Quote word for word the lines below, beginning with the first and ending with the one that has "The art-filled home". Drop the pictures.

[RECORDED DATA — start]

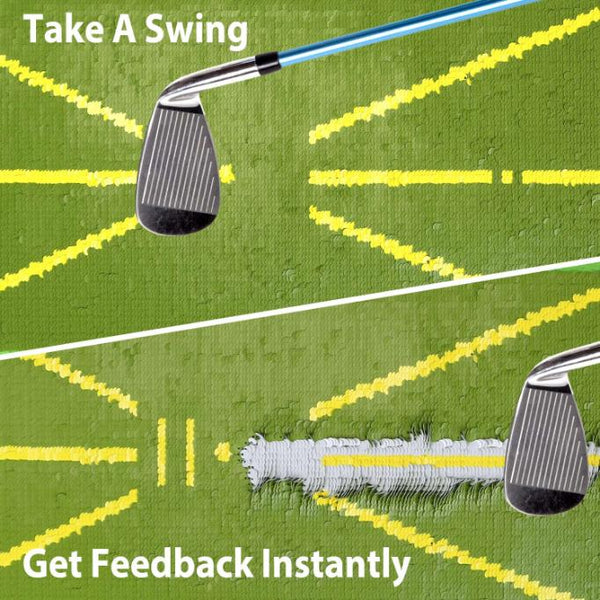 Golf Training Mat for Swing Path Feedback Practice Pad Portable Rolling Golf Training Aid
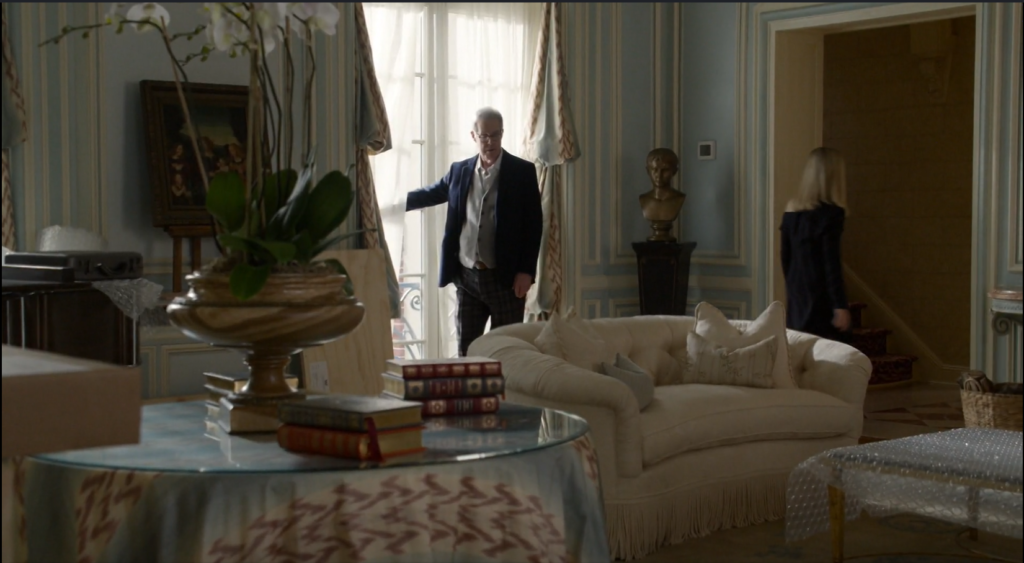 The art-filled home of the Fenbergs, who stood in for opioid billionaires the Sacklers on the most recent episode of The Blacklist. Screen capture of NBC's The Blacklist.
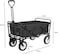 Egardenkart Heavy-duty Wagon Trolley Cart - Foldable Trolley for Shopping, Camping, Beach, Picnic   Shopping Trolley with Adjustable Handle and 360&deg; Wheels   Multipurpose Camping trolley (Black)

[RECORDED DATA — finish]

*ANSWER BOX*.
 Golf Training Mat for Swing Path Feedback Practice Pad Portable Rolling Golf Training Aid
 The art-filled home of the Fenbergs, who stood in for opioid billionaires the Sacklers on the most recent episode of The Blacklist. Screen capture of NBC's The Blacklist.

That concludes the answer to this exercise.